Uno nunca entiende cómo un libro llega a sus manos. A veces es la suerte, otras veces la profesión, en ocasiones una palabra que lleva a tu memoria a navegar por los recuerdos u otras recomendaciones de gente a la que aprecias y de la que valoras su opinión. En el caso de Dile a Marie que la quiero fue la última, para pasar por el juego de ciertos recuerdos durante su lectura. Resultará raro que yo diga esto teniendo en cuenta que el libro se desarrolla en la Segunda Guerra Mundial, pero al final los sentimientos se escapan un poco de las limitaciones del tiempo y el espacio y viajan durante generaciones para hacernos entender que lo que somos, lo que sentimos, lo que generamos, no deja de ser, en cierto sentido, muy parecido sea cual sea la época que nos ha tocado vivir. Y es cierto que, todo aquel que alguna vez me ha escuchado en alguna conversación, no suelen gustarme o, al menos, suelo ser bastante reticente a meterme en la lectura de novelas que tengan que ver con esta época porque me parece que ya está prácticamente contado, que el volumen editorial de este tipo de lecturas tiende a ser excesivo y el hartazgo llega más pronto que tarde. Pero por esos azares de la vida, leo la novela de Jacinto Rey como quien observa un cuadro de la devastación que se causó en la Historia y sobre la conmoción que, en los cuerpos, palpita para llegar a cierta esperanza que no se sabrá nunca si fue el sustituto perfecto para luchar contra la realidad.
Nunca estamos solos. La vida teje una tela de araña que, hilvanada tan fuerte que es capaz de ahogar, relaciona las vidas de más de una persona, convirtiendo diferentes existencias en una especie de río que no termina nunca. Sólo en la muerte. Y quizás ese sea el punto fuerte de Jacinto Rey en su novela. Normalmente, tiendo un puente entre mis impresiones y lo que nos cuenta el autor, definiendo el resumen de lo que nos vamos a encontrar. En esta ocasión no será así por una cuestión: creo que Dile a Marie que la quiero se merece una entrada en su mundo sin informaciones previas. Sabed que es una historia en la Segunda Guerra Mundial. De ahí, uno puede sacar sus propias conclusiones. ¿Será una historia dura? Lo será en cuanto que el contexto invita a las vidas rotas. Una guerra siempre es injusta, tanto para los vencedores como para los vencidos. Pero a pesar del dolor, a pesar de la barbarie, incluso en esos momentos en los que una Historia puede convertir cualquier elemento en motivo de desgracia, esta novela, sin saber muy bien por qué, consigue que se introduzca en nuestro cuerpo un halo de esperanza, ese movimiento que, parecido a un escalofrío, recorre nuestra espalda y consigue de alguna manera paralizarnos.
Jacinto Rey se desenvuelve bien en su novela.

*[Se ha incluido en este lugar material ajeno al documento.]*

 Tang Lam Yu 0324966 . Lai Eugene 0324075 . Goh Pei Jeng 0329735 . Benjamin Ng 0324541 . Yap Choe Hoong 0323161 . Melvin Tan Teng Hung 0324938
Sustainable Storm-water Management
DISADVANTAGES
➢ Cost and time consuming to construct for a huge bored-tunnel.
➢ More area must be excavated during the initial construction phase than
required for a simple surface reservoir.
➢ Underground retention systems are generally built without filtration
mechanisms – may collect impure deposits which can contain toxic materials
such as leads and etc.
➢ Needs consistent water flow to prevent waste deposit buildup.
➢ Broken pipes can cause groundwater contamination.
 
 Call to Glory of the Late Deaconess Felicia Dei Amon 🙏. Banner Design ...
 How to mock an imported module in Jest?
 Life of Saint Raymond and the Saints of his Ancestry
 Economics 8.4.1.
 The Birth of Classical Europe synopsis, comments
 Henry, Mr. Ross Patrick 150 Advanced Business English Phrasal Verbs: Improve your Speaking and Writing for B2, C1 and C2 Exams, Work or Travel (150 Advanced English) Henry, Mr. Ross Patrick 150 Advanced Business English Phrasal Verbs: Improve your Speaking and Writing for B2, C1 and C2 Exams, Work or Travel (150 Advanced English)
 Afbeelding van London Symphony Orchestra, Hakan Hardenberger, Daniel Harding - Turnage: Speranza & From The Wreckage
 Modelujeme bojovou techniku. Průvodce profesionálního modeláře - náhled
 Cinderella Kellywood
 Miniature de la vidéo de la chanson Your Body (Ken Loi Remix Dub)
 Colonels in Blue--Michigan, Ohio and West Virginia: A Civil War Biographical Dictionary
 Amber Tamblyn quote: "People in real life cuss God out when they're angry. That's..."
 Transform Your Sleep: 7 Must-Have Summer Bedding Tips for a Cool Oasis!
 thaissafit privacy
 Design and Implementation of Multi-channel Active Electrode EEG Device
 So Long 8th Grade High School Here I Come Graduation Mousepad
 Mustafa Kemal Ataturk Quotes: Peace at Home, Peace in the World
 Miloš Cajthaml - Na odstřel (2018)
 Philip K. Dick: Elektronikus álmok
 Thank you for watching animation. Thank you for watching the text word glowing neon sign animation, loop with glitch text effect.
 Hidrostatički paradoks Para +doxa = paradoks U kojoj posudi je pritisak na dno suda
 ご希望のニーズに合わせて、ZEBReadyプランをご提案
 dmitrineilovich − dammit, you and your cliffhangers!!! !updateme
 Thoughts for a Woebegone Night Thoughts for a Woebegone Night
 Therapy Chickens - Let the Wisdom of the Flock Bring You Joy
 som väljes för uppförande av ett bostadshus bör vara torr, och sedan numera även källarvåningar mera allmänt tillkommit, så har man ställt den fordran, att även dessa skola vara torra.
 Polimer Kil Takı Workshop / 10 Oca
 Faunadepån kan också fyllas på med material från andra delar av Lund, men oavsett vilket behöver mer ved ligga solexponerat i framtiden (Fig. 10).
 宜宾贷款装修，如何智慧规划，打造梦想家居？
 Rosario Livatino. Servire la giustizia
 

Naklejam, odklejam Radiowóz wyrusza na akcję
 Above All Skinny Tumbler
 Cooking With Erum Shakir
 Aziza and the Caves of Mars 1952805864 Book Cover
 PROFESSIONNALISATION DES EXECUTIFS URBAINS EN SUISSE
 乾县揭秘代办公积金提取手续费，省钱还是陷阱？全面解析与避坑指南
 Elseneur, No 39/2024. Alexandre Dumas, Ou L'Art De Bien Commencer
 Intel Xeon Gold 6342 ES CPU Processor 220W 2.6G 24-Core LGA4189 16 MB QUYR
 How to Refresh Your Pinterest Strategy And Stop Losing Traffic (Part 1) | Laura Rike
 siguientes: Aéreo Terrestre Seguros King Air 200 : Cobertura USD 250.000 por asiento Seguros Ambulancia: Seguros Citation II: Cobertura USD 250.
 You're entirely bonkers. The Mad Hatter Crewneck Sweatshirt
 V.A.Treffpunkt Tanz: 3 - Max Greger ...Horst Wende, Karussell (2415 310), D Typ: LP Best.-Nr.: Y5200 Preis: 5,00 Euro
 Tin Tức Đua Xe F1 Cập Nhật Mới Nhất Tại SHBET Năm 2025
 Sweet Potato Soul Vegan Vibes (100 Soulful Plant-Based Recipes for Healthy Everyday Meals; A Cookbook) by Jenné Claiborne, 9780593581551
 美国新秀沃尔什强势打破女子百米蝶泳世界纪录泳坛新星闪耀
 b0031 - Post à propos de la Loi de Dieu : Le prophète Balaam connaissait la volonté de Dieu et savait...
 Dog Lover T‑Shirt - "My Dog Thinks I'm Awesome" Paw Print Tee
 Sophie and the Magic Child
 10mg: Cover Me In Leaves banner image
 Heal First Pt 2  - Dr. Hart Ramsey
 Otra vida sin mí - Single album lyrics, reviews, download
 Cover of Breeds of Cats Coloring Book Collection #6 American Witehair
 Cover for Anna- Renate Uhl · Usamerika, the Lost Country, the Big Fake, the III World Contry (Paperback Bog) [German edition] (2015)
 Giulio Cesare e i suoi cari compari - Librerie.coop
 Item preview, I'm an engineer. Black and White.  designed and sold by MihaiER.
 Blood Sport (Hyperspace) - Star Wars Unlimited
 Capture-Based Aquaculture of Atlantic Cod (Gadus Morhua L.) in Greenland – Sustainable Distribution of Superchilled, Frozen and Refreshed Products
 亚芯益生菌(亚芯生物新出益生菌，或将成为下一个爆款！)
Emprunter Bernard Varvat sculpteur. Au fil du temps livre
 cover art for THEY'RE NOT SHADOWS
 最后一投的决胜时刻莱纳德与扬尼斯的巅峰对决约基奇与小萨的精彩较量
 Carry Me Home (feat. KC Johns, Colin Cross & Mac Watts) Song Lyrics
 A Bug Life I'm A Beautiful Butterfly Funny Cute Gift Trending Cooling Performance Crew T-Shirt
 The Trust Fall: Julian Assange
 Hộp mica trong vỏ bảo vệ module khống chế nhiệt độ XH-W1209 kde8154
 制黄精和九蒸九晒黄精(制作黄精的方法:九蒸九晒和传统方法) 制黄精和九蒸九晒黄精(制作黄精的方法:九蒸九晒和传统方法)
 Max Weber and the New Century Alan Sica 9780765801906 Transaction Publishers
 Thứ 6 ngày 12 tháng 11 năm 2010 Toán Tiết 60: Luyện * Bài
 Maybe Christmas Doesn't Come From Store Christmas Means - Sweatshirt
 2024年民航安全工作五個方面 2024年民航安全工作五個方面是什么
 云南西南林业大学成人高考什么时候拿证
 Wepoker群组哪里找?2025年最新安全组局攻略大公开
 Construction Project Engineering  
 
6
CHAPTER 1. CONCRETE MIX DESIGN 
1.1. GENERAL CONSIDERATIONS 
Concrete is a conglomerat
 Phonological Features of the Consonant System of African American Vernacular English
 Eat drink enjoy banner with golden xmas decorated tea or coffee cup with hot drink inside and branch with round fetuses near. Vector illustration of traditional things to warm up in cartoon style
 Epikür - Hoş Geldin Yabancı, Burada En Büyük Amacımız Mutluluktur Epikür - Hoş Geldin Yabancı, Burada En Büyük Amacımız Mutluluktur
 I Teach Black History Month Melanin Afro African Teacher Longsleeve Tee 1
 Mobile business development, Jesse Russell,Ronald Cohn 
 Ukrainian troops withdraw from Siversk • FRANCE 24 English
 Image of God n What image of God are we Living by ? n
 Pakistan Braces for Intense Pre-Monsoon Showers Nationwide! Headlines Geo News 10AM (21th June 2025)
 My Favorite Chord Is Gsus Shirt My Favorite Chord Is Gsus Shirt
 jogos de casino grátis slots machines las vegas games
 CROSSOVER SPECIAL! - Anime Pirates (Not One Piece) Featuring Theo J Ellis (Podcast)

No será un juego pesado repleto de datos que lastren el ritmo de Dile a Marie que la quiero y nos permitirá, de esa manera, disfrutar de una historia bien documentada. Y aunque hablemos de una novela, de un autor desconocido, de esa rara avis que aún hoy en día van apareciendo para que los lectores podamos disfrutar de la lectura, siempre tiendo a quejarme de las comparaciones. ¿Por qué promocionar un libro con nombres grandilocuentes? Por ejemplo, Ken Follett. No creo que tenga mucho que ver la forma en la que Jacinto Rey escribe con la del nombrado autor. Por ello, desde aquí, levanto un llamamiento a las editoriales: los lectores queremos voces propias, no imitaciones. Puede que por eso esta novela me haya llamado la atención. Es cierto: la Segunda Guerra Mundial se ha contado de numerosas maneras. Es muy posible, además, que no haya ninguna novedad en el frente sobre lo que sucedió y no debería volver a suceder nunca. Pero lo que sí puede ser diferente, a lo que nos puede invitar esta novela, es a vivir una historia emocionante, una historia coral donde las palabras, los silencios, las existencias, tejidas con la dureza de la realidad, crean vidas y las destruyen.